How the Study Worked

Dr. Johnson poured over the data from a separate five-year study of 1,338 German couples. When he compared data on the amount of housework a male partner performed, he found no correlation between that data and how much sex the couple had.

Then Dr. Johnson looked at the data regarding whether men perceived their contributions to housework as fair.

"In any relationship, the amount of housework is going to mean something different based on the couple's context, based on their own expectations for what each partner should be doing, and their comparison levels of what happens with other couples they know,” he explains.

He found that couples engage in more frequent sex when the male partners believe the division of house chores is fair. He also found that both male and female partners were more likely to report sexual satisfaction in those relationships.

Though he acknowledges that comparing Americans to German couples may bring up some important cultural difference, he pointed out that couples in Germany actually tend to have stricter gender roles than in America. According to Dr. Johnson, data from some studies indicates German men tend to do less housework in relationships compared to their American counterparts.
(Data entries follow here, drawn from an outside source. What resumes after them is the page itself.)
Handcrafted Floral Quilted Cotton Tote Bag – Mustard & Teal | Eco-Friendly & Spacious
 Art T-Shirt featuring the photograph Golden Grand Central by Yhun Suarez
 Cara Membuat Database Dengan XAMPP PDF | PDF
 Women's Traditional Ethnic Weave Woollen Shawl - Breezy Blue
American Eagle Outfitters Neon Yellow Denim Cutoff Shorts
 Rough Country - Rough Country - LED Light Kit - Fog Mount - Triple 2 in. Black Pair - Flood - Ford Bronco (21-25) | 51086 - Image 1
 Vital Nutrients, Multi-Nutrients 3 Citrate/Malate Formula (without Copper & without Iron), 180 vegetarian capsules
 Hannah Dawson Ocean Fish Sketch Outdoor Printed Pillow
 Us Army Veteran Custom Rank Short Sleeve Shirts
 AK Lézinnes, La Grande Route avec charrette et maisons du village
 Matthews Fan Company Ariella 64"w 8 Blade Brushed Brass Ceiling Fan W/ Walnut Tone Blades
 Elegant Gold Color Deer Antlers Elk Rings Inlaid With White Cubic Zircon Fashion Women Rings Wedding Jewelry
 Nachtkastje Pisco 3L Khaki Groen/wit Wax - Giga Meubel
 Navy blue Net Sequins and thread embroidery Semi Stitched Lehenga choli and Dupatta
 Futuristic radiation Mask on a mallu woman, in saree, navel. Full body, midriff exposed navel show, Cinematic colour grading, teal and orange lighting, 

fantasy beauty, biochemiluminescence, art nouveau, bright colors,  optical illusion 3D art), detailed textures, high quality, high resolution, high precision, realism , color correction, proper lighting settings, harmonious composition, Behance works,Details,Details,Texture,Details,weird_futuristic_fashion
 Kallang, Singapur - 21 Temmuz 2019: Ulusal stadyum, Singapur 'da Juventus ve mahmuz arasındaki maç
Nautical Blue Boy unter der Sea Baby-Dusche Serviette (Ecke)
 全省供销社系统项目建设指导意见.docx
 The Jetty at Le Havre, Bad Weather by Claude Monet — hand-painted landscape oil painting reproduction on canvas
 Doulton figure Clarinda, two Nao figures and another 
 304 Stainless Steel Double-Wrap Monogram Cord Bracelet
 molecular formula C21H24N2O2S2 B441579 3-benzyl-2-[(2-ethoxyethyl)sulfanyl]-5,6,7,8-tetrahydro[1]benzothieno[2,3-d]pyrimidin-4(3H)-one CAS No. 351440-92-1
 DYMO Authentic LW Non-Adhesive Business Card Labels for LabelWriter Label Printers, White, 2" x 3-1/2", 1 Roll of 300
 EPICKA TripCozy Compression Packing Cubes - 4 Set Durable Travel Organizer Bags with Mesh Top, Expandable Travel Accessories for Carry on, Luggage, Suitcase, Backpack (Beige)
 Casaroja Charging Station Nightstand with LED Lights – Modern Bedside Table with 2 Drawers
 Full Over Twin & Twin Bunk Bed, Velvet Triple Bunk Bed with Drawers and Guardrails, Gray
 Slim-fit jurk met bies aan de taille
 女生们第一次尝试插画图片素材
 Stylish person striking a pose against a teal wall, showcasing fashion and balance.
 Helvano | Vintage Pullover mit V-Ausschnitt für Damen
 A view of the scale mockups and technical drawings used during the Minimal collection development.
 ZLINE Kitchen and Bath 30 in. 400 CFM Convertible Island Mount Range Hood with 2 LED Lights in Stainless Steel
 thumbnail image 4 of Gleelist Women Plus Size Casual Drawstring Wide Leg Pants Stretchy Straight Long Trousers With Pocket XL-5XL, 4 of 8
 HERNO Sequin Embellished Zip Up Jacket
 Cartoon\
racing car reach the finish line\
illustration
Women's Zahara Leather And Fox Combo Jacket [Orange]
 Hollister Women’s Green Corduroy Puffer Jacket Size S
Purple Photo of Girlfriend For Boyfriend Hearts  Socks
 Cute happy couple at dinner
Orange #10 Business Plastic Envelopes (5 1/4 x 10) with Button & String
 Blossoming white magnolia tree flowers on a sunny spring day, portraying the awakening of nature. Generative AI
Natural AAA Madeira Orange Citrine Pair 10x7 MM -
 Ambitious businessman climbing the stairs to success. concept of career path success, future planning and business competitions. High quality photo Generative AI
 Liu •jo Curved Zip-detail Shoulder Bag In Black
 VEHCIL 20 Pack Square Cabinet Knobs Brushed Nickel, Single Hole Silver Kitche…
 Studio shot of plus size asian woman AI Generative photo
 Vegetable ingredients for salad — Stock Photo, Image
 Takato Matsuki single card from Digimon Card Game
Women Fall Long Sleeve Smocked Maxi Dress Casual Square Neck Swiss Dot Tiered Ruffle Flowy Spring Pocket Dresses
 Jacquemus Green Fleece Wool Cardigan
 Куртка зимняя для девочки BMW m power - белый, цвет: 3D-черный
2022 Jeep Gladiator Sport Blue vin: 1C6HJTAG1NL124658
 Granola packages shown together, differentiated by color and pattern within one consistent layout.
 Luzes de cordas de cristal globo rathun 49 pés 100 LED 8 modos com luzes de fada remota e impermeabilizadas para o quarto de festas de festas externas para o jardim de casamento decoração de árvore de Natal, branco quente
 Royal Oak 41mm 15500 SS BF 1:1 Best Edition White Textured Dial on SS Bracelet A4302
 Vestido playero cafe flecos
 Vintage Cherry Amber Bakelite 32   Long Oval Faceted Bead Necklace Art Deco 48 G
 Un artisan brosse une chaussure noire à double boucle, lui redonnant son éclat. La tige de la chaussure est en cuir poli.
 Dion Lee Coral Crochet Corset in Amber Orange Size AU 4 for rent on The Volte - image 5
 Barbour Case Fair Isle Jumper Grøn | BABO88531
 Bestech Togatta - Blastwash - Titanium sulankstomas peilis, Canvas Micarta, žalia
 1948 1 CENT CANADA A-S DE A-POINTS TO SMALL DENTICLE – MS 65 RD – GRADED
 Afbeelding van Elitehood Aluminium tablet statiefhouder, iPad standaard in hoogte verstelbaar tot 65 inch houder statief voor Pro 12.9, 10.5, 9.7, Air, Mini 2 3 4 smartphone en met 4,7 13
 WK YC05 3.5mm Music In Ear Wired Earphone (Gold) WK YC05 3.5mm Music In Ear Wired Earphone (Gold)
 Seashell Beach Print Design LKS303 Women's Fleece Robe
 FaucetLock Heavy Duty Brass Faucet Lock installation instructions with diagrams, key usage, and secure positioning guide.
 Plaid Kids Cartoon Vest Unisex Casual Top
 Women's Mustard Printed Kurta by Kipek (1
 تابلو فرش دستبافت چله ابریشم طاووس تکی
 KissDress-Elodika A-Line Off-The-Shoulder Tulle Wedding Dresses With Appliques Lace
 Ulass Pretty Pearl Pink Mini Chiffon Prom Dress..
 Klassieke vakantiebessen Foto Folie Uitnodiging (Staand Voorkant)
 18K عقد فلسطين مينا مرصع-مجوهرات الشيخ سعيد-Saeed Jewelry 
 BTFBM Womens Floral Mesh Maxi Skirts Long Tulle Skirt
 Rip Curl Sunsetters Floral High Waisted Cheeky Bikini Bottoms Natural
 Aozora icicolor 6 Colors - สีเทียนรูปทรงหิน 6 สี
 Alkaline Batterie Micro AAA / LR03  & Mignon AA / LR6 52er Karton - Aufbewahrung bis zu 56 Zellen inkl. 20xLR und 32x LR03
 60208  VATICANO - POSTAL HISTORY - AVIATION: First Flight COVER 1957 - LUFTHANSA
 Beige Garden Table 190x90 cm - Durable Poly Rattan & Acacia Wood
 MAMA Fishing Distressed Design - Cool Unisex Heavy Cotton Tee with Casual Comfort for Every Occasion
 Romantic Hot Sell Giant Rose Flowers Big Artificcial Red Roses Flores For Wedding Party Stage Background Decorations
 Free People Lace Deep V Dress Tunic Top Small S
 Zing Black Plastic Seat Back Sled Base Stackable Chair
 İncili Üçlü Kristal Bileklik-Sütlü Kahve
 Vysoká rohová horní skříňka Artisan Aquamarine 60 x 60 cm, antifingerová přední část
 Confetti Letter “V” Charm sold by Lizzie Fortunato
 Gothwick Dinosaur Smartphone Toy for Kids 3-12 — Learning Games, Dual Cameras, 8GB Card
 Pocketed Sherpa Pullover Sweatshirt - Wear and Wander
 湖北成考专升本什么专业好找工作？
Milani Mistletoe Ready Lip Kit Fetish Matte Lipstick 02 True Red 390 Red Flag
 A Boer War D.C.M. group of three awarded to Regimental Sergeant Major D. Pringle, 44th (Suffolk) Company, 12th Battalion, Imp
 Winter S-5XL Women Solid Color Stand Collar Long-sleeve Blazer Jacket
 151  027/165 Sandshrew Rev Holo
"There are cultural differences. But if the logic held from the prior studies, we would have expected to have a more pronounced negative impact of housework on sexuality in Germany, because it's a bit more traditional. But that wasn't the case at all," he said.

The Bottom Line Is a Perception of Equality

What can we learn from this study? Dr. Johnson offers specific relationship advice: "Rather than avoiding chores in the hopes of having more sex, as prior research would imply, men are likely to experience more frequent and satisfying passion for both partners between the sheets when they simply do their fair share."

Yes, what matters is that you and your partner both feel like each person is pulling their weight. But this perception won’t exist unless you’re both actually doing the chores. So start divvying them up and reap the benefits!